September 16, 2008
Harvard University
Division of Continuing Education
Extension School
Course Web Site: http://cscie153.dce.harvard.edu/
Instructor email:
david_heitmeyer@harvard.edu
Course staff email:
cscie153@fas.harvard.edu
Copyright 2003-2008 David P. Heitmeyer
Course Web Site: http://cscie153.dce.harvard.edu/
CSCI E-153
Web Development Using XML(12151)
David P. Heitmeyer, AM, Senior Software Product Architect/Engineer, iCommons, Central Administration Information Technology, Harvard University.
Fall term:
Tuesdays, Sept. 16, 5:30-7:30 pm, Harvard Hall, Room 104. Optional sections to be arranged.
Online and on-campus options. See Distance Education.

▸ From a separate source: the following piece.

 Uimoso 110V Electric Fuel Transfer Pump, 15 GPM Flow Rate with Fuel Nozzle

Students learn key XML technologies (XML, XPath, XSL, XSL-FO, XML Schema, RNG, DTD, XQuery, DOM) as well as specific markup languages relevant to website development (XHTML, XHTMI Mobile Profile, RSS, RDF, XSL-FO, SVG, DocBook, OOXML, OpenDocument, XForms). In addition, the course covers topics such as XML and databases (native XML databases and RDBMS), XML programming APIs (DOM and SAX), Apache Cocoon (an open-source XML publishing framework), and the role of XML in Web 2.0 to deliver data and functionality through Ajax and web services (SOAP and REST). Using these technologies, students develop dynamic, data-driven websites that are capable of delivering content in a variety of media formats (screen, text, print, graphics) to a variety of devices (desktop, handheld, mobile) for a variety of audiences. Prerequisite: CSCI E-12, or the equivalent experience. (4 credits)
In addition to the texts for the course, there will be suggested readings of online material.

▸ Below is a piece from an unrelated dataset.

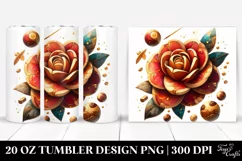 Wooden Small Camellia | 20 Oz Tumbler Product Image 1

Harold, Elliotte Rusty and W. Scott Means. 2004. XML in a Nutshell, 3rd Edition. O'Reilly & Associates. 689 p. ISBN 0596007647. This is another excellent Nutshell book from O'Reilly. It provides good, solid, readable information about the key XML technologies you need to know. |
Kay, Michael. 2008 XSLT 2.0 and XPath 2.0, 4th edition. Wiley Publishing, Inc. 1316p. ISBN 0470192747. This is an excellent book that provides excellent coverage and reference for XSLT and XPath. This is essentially the XSLT 2.0, 3rd ed and XPath 2.0, 3rd ed books combined. | |
Kay, Michael. 2004 XSLT 2.0, 3rd edition. Wiley Publishing, Inc. 911p. ISBN 0764569090. This is an excellent book that provides excellent coverage and reference for XSLT, versions 1 and 2. |
Kay, Michael. 2004 XPath 2.0. Wiley Publishing, Inc. 530p. ISBN 0764569104. This is the companion book for XSLT 2.0, 3rd edition. This is optional, and is certainly not needed if you have "XSLT 2.0 and XPath 2.0, 4th edition". |
Required and recommended texts are available through:
XML experience. No prior experience with XML will be assumed.

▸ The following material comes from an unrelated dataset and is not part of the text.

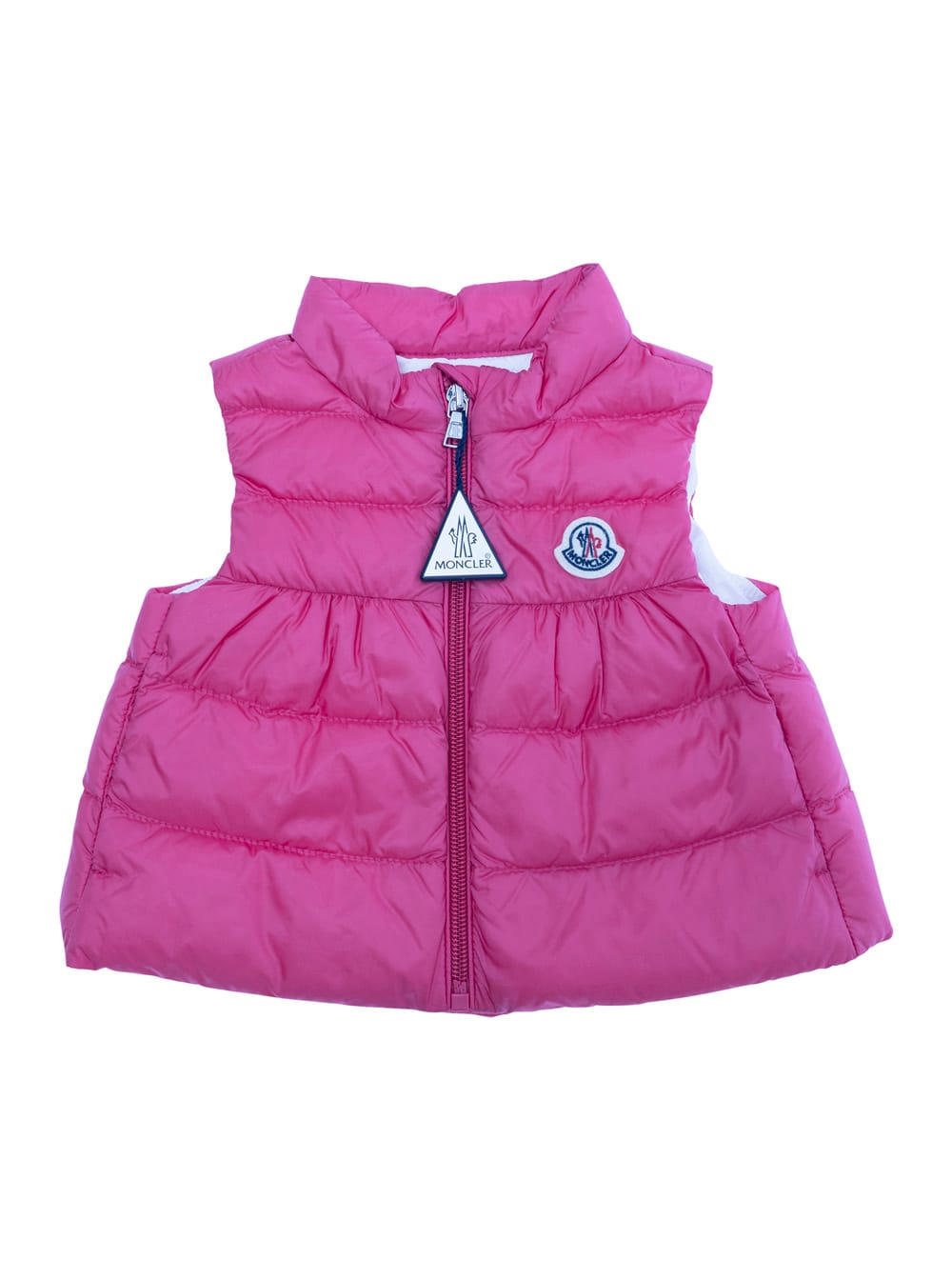 Moncler hiva Fuchsia Sleeveless Down Jacket With Logo Patch On The Front In Tech Fabric Baby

Web experience. It will be expected that students already have an understanding of the web and have taken CSCIE-12 (Fundamentals of Web Site Development), or CSCI S-H, or have equivalent experience. Students should have a solid understanding of Hypertext Markup Language (HTML) and a familiarity with Cascading Style Sheets (CSS).
Programming experience. Experience with any programming language will suffice (Pascal, Basic, Lisp, C/C++, C#, Perl, Python, Java, etc.)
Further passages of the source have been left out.